▶ [EXERCISE]:
The answer must consist of every line in the data that contains "with".

▶ [THE DATA]:
════════════════════
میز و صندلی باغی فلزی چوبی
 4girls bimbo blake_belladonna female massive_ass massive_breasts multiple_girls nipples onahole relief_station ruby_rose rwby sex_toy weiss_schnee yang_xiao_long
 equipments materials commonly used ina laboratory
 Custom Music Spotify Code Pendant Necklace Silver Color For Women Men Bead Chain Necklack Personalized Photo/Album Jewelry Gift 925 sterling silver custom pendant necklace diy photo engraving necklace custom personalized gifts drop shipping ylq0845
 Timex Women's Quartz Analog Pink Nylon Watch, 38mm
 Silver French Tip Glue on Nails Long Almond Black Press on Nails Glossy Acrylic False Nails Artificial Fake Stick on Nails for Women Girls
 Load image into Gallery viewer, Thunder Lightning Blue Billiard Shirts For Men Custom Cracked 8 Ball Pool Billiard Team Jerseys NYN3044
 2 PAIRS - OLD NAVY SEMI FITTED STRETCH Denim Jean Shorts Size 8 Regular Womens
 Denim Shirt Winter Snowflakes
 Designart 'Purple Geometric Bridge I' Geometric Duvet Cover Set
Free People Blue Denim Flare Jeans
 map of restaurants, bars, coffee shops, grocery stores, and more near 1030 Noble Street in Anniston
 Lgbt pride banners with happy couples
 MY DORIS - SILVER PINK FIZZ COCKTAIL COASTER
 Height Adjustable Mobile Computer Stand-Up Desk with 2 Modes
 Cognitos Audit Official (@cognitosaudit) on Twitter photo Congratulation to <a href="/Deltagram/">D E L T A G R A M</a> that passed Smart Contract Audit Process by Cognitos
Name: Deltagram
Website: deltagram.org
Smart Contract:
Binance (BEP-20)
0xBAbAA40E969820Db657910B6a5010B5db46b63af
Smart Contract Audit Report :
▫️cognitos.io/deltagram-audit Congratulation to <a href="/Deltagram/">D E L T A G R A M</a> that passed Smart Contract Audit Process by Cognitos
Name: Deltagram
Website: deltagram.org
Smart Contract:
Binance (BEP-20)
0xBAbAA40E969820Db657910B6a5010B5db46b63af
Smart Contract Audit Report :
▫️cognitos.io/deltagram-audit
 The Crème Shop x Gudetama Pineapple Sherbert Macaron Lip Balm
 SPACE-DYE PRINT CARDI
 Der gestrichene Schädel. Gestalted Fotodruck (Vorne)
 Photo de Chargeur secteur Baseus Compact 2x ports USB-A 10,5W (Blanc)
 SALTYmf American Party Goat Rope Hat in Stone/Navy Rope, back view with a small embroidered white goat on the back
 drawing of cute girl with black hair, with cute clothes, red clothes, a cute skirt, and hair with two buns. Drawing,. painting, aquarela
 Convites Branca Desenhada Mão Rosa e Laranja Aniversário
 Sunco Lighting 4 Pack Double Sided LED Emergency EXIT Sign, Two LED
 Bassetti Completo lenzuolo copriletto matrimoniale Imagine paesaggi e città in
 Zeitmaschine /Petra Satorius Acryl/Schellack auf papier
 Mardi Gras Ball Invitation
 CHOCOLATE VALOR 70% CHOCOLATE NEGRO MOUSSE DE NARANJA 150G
════════════════════
▶ [FINISHED TASK]:
 Lgbt pride banners with happy couples
 Height Adjustable Mobile Computer Stand-Up Desk with 2 Modes
 SALTYmf American Party Goat Rope Hat in Stone/Navy Rope, back view with a small embroidered white goat on the back
 drawing of cute girl with black hair, with cute clothes, red clothes, a cute skirt, and hair with two buns. Drawing,. painting, aquarela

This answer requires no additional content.